Task prompt: Set the records down again in full, exactly as they are, apart from the images.

(Records provided Opens)

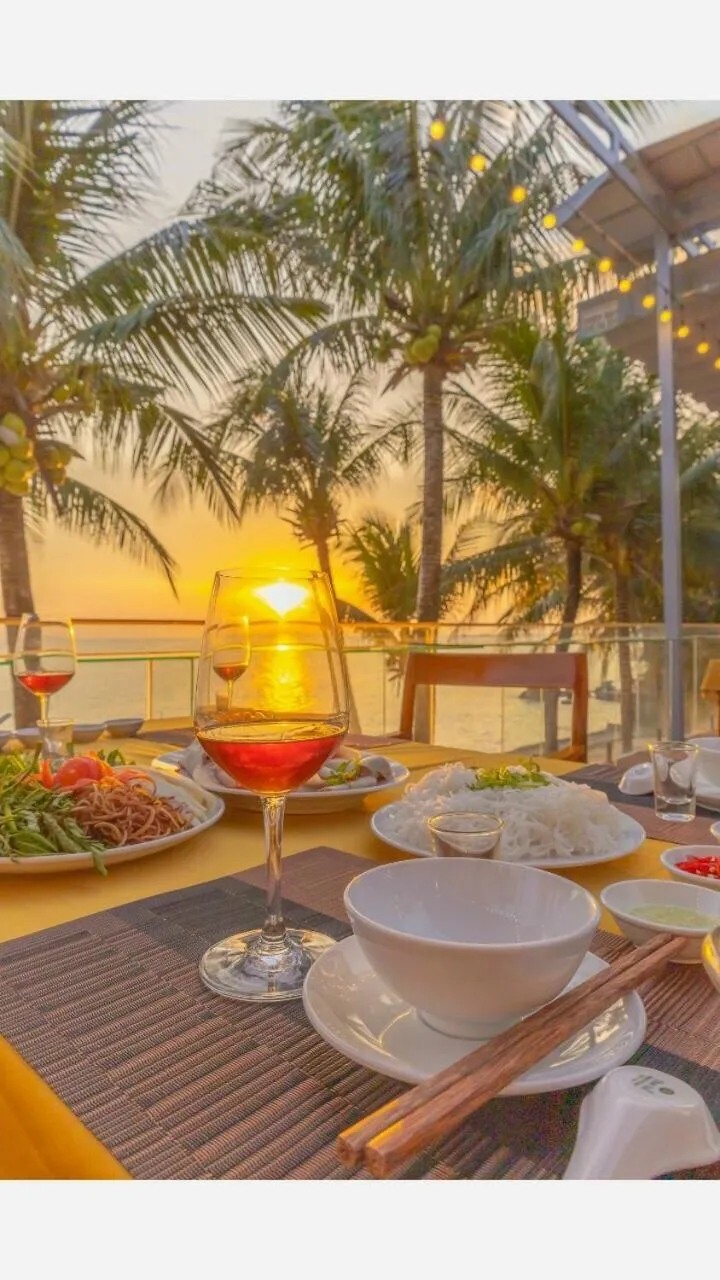 Victoria Phu Quoc hotel Beachfront Night market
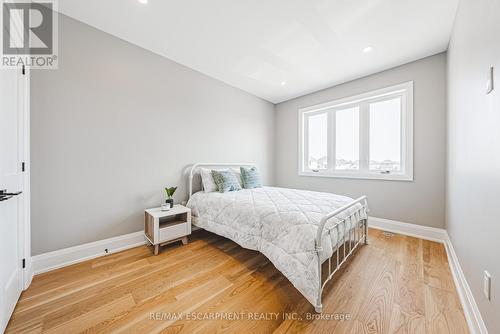 6220 Curlin Crescent, Niagara Falls, ON - Indoor Photo Showing Bedroom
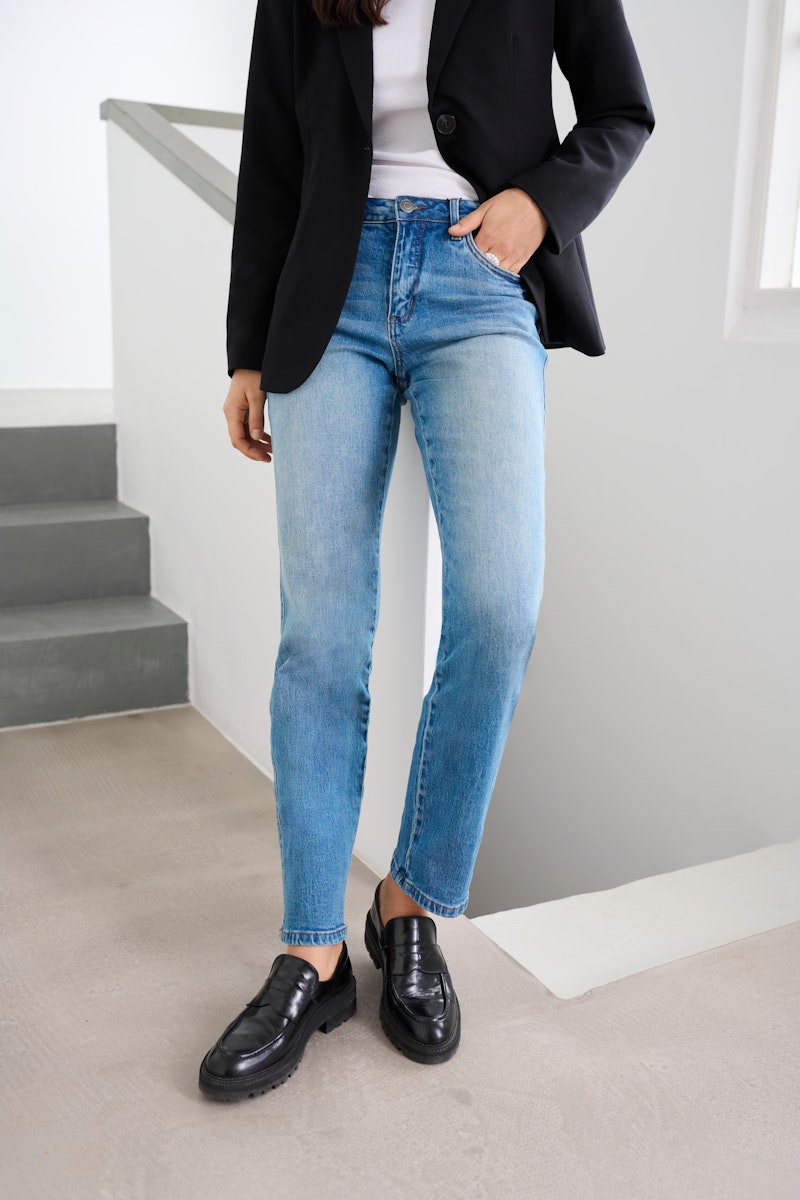 Kaffe Maris Reg Fit Jeans in Vintage Blue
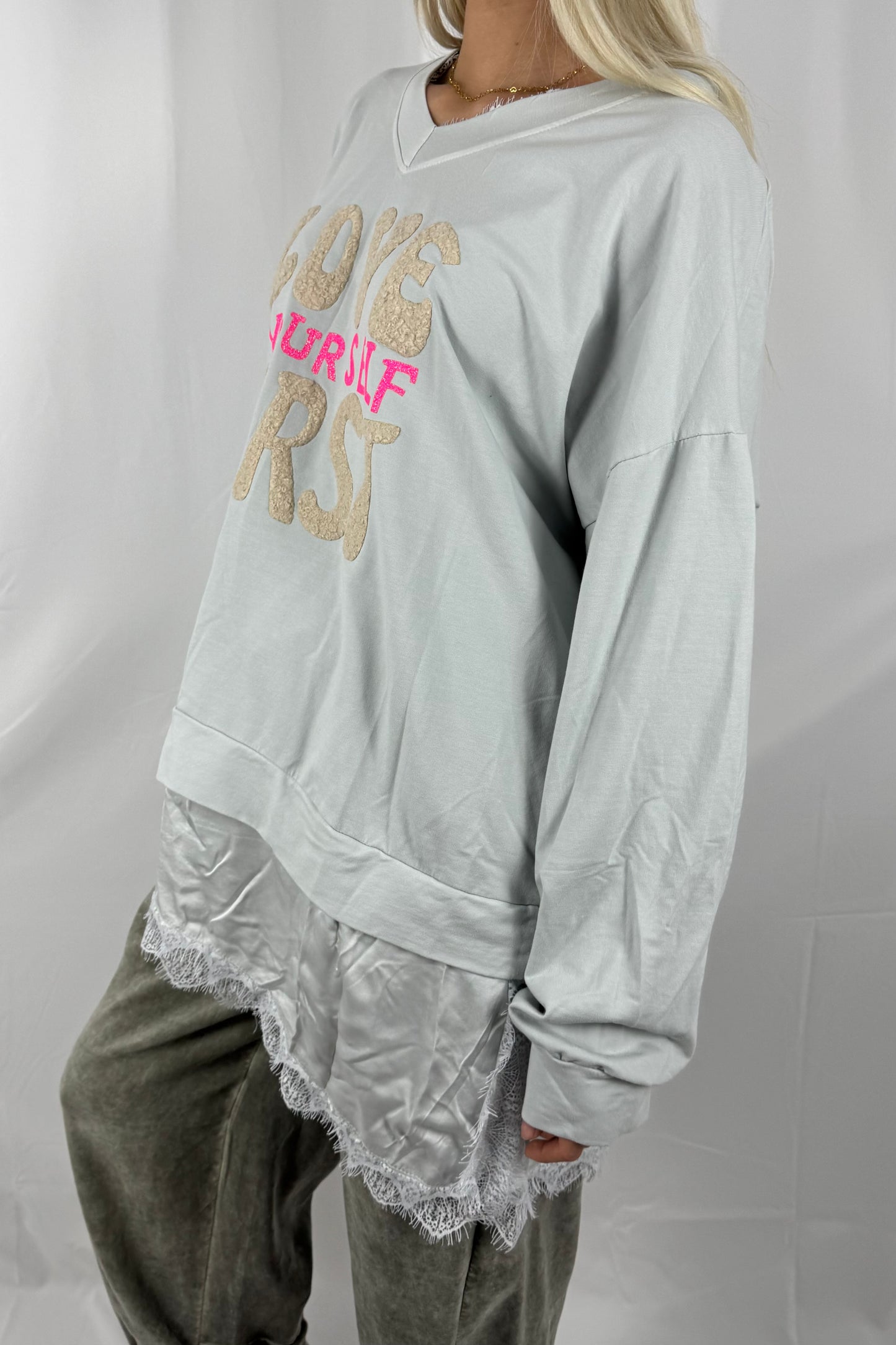 Oversize Shirt „Love Yourself First“-Grau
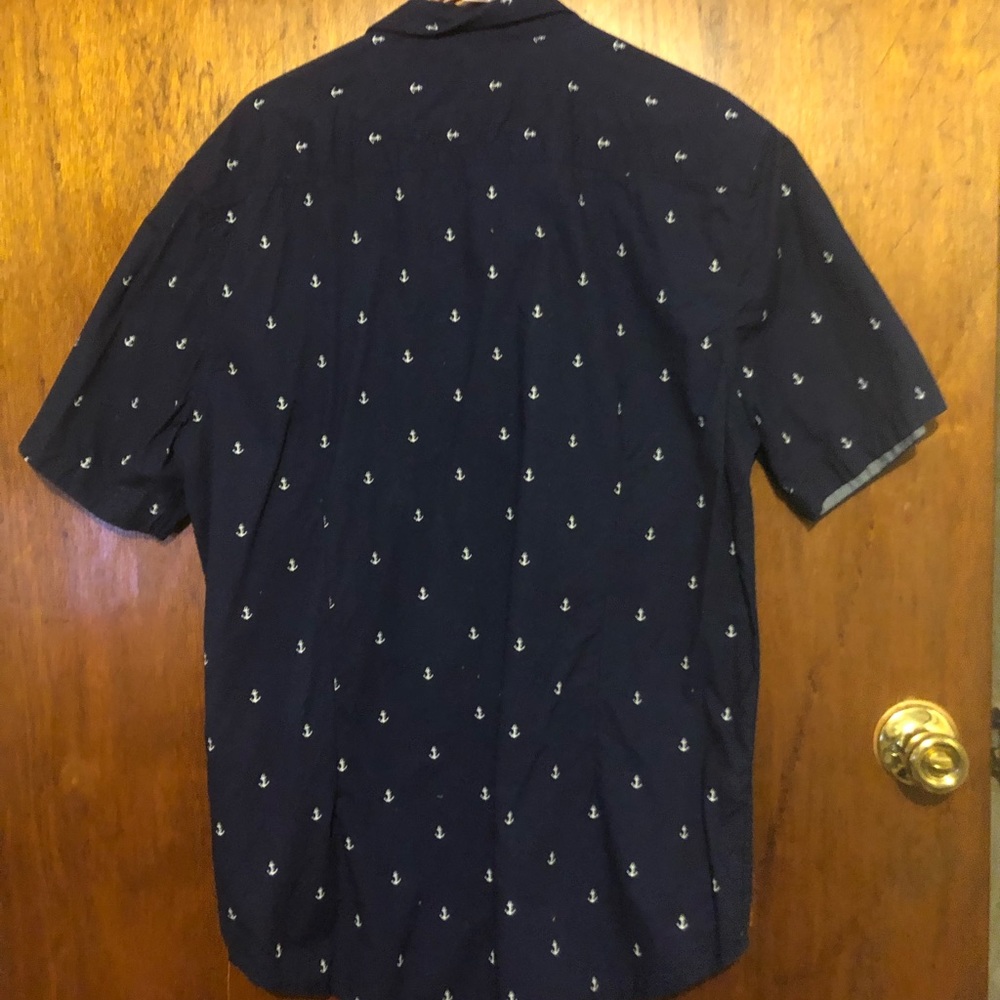 Carbon button up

(Records provided Closes)

Output for this exercise:
 Victoria Phu Quoc hotel Beachfront Night market
 6220 Curlin Crescent, Niagara Falls, ON - Indoor Photo Showing Bedroom
 Kaffe Maris Reg Fit Jeans in Vintage Blue
 Oversize Shirt „Love Yourself First“-Grau
 Carbon button up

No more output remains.